Challenger full-year profit up 48% to $192m
The news: Investment manager Challenger reported a statutory net profit of $192 million for the 2025 financial year, up 48% from $130 million a year ago, amid record retail lifetime annuity sales and record Japanese annuity sales.
The numbers: Normalised net profit after tax totalled $456 million for the year, up 9% year on year, and in line with the updated guidance of between $450 million and $465 million issued in April 2025. The guidance range was previously $440 million and $480 million at the time of the FY24 results.
Challenger posted record retail lifetime annuity sale of $1.1 billion, up 26% year on year, and record Japanese annuity sales of $984 million, up 39% year on year.
Assets under management (AUM) fell 3% to $123.9 billion from $127.1 billion a year earlier.
The Sydney-based group lifted its full-year dividend by about 11% to 29.5 cents per share fully franked, from 26.5 cents in FY24. Analysts had expected a full-year dividend of 28.9 cents per share, according to Visible Alpha data.
For FY26, Challenger is guiding normalised basic earnings per share in the range of 66 and 72 cents per share.
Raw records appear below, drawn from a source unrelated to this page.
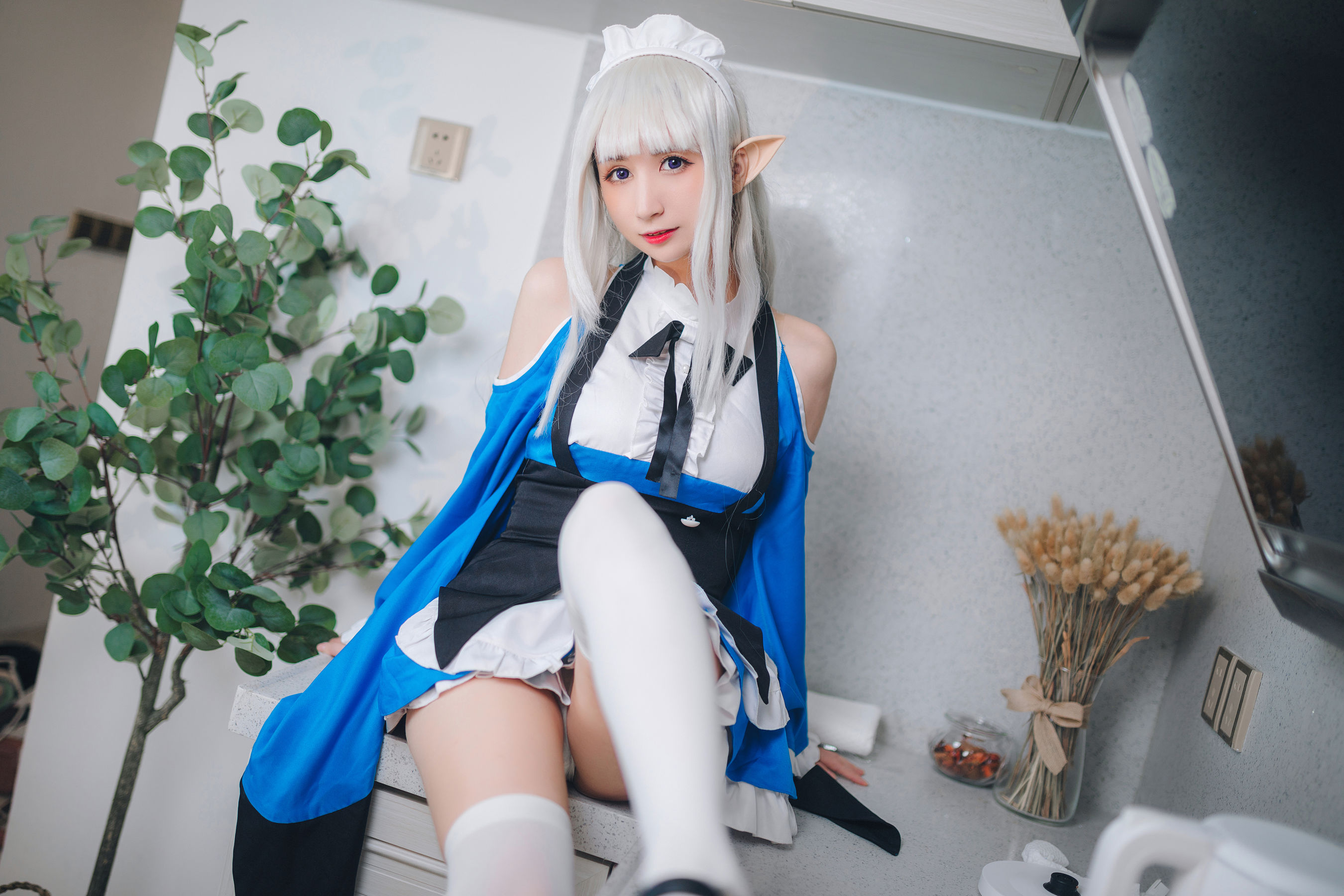 [福利COS] 贝儿酱Miki - 艾米莉亚女仆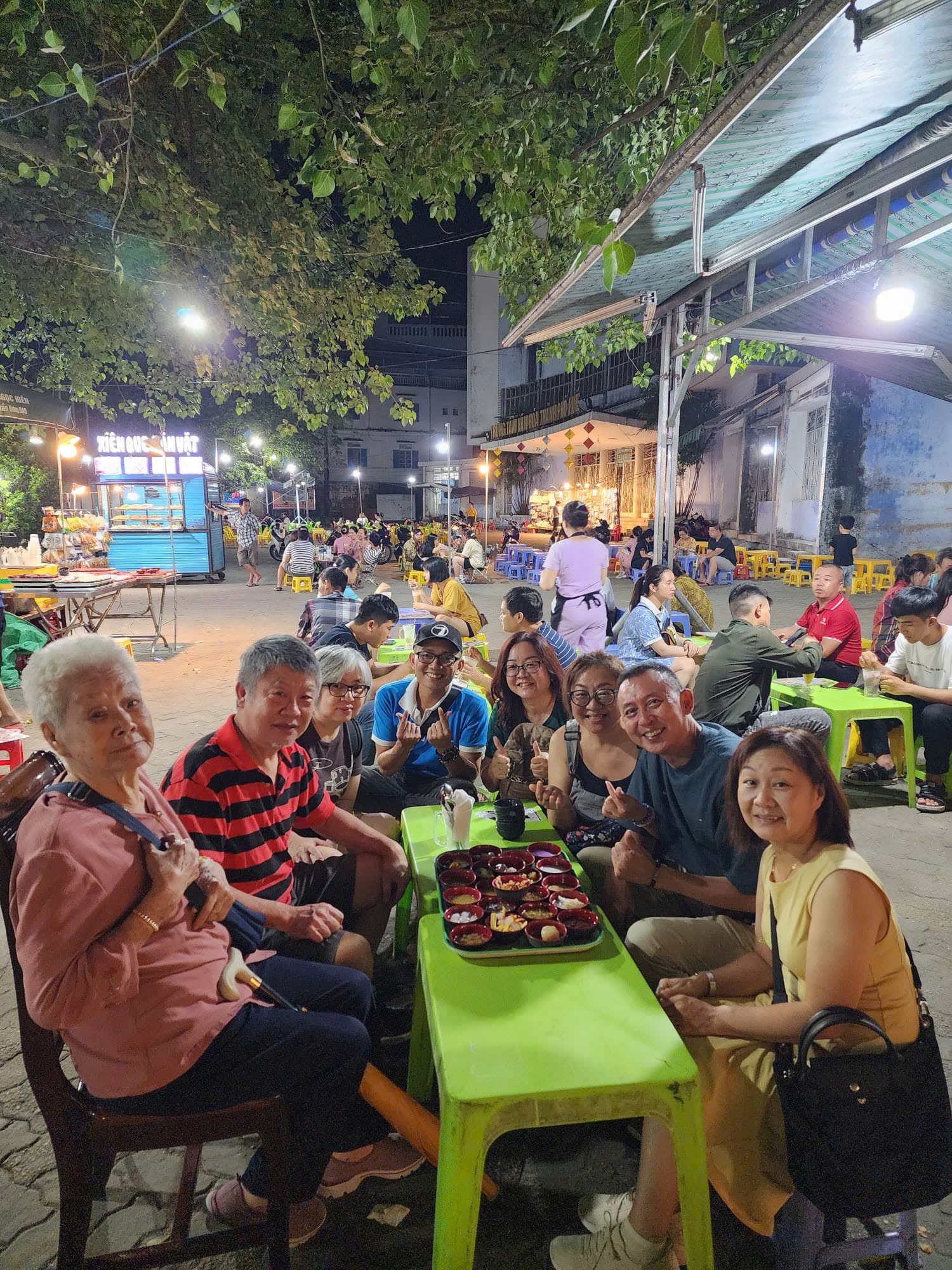 khach-quoc-te-trai-nghiem-an-che-via-he-1782721239.jpg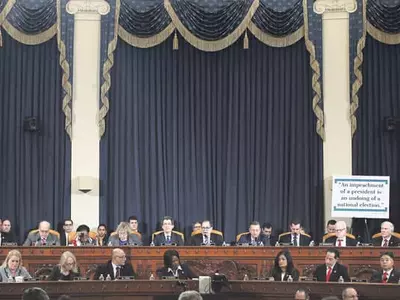 법사위, 학자들 불러 “트럼프 탄핵감”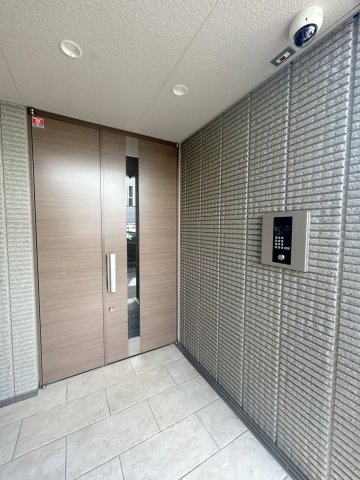 メトロガーデンのエントランス|オートロック・防犯カメラ付き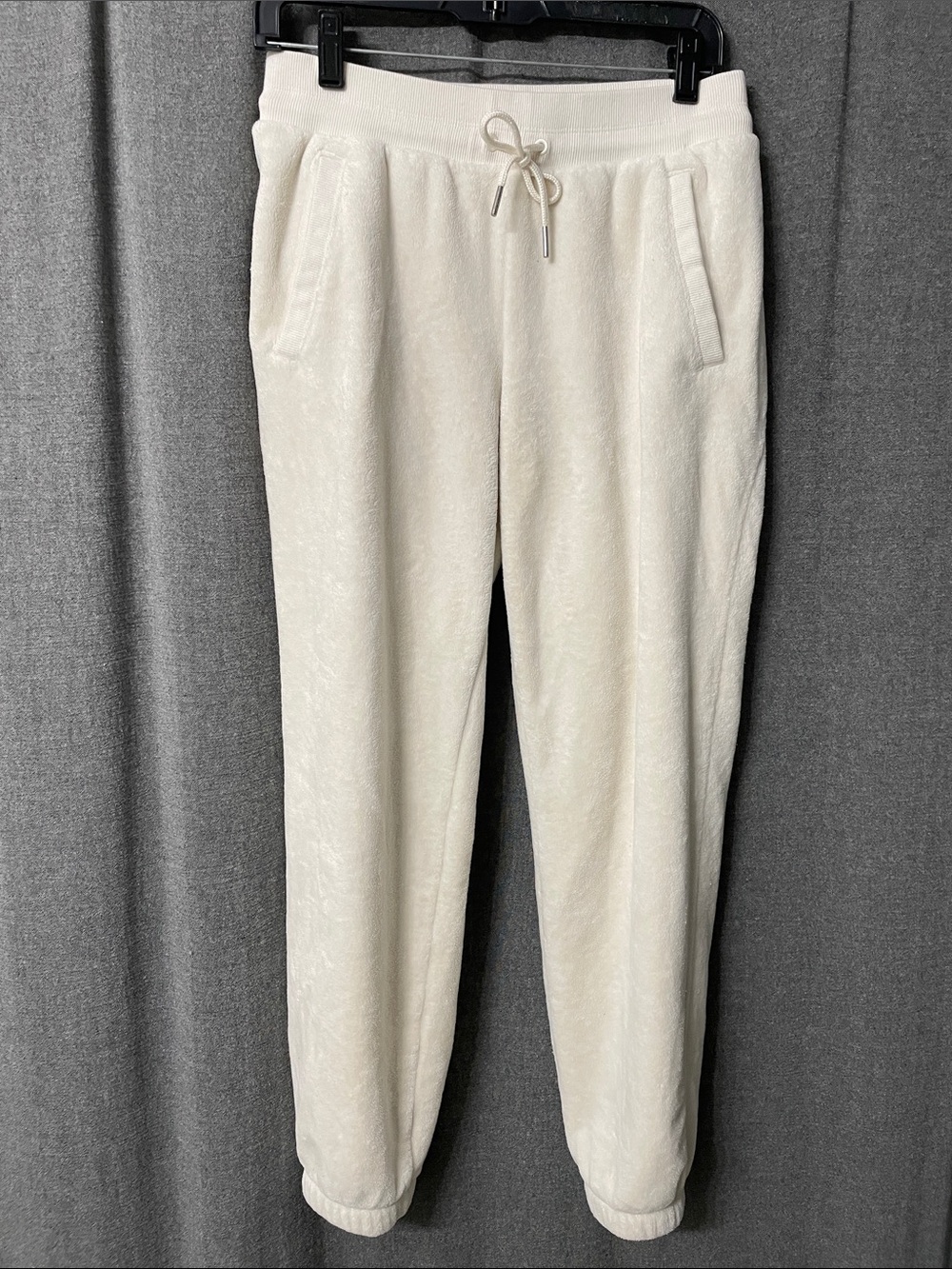 Athleta Women’s Cream Fleece Jogger Pants - Drawstring Comfort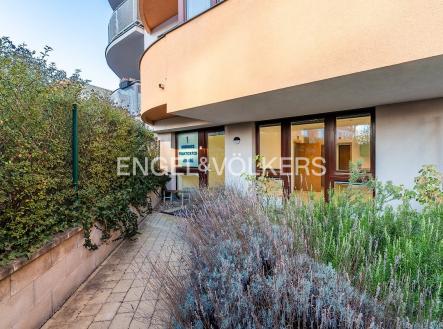 Pronájem - komerční objekt, jiný, 50 m² obrázek
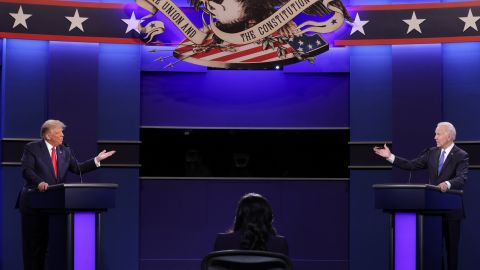 Biden y Trump durante el último debate antes de las elecciones.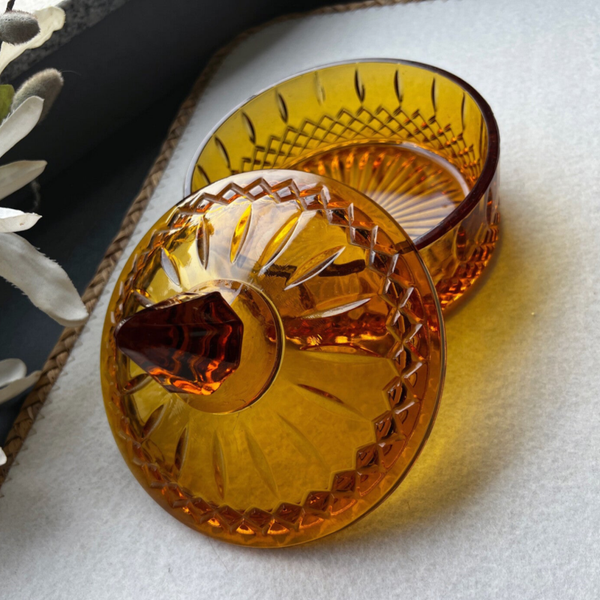 Amberkleurige bonbonnière met deksel  (jaren ’70)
The mid-point represents a 4% increase on FY25. Challenger is moving to normalised basic earnings per share from normalised NPAT because "it is a better reflection of shareholder returns".
The context: Challenger managing director and CEO Nick Hamilton said the company hit record retail lifetime and Japanese annuity sales in FY25.
The company also entered new partnerships with superannuation funds, wealth managers and platforms, including Telstra Super, Aware Super, Commonwealth Super Corporation and NGS Super.